A baixa magnitude de registro de DM na Atenção Básica não deveria ser atribuída, tão somente, a uma deficiência difusa do SIAB. Há evidências, por exemplo, de um melhor registro no sistema para outros agravos, como por exemplo, o diabete mellitus.5
A literatura sobre morbidade autorreferida por doenças crônicas aponta que determinados fatores, capazes de influenciar o acesso aos serviços de saúde, também podem impactar na autopercepção de doença.6 No caso específico dos transtornos mentais, sabe-se que estigmas sociais relacionados a esse agravo dificultam a identificação de casos baseada no autorrelato.2 Tais aspectos poderiam auxiliar na explicação, mesmo que parcial, das variações observadas na magnitude do registro entre as macrorregiões nacionais; ainda assim seriam insuficientes para justificar que 14 UF não tivessem apresentado nenhum registro sequer de DM, e que mais de 80% de todos os registros tivessem ocorrido em 4 UF. É mais razoável supor que políticas e iniciativas circunscritas ao nível local possam influenciar o maior registro de DM dentro de certos contextos, em detrimento de outros. Sobre iniciativas capazes dessa influência, destaca-se a implementação de estratégias de apoio matricial em saúde mental para equipes que atuam na Atenção Básica.
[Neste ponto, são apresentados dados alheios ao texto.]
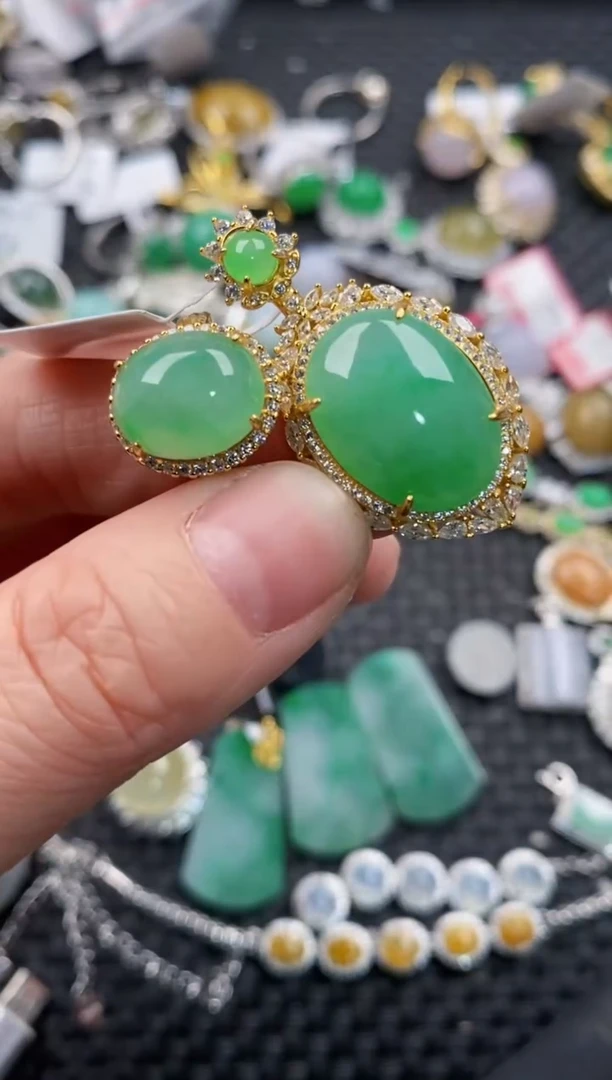 银S925镶嵌戒指翡翠444              3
Uma possível limitação deste estudo encontra-se no uso das estimativas de transtornos mentais graves e persistentes - TMGP - como referência para a análise da magnitude de registro de DM no SIAB. Existe uma miríade de outras condições psiquiátricas não inclusas nesse subgrupo de transtornos, como os chamados transtornos mentais comuns, estes bem mais prevalentes na Atenção Básica.7 Outrossim, uma das reconhecidas dificuldades associadas à investigação de morbidade autorreferida é a categorização, em diagnósticos biomédicos, da percepção de doença por entrevistadores e entrevistados leigos.8 De qualquer forma, entende-se que os TMGP, dada sua mais visível disfuncionalidade, tenderiam a se aproximar mais do que, popularmente, seria considerado DM. O eventual uso de parâmetros mais abrangentes apenas aumentaria essa já evidente deficiência, na identificação de casos de DM pela Atenção Básica.
Os dados apresentados apontam que o registro de DM na população cadastrada no Programa de Agentes Comunitário de Saúde - PACS - e na Estratégia Saúde da Família - ESF -, aqui tomado como uma aproximação para avaliar a articulação entre a Saúde Mental e a Atenção Básica à Saúde no Brasil, é todavia incipiente, desigualmente distribuído e possivelmente dependente de iniciativas locais para sua efetivação.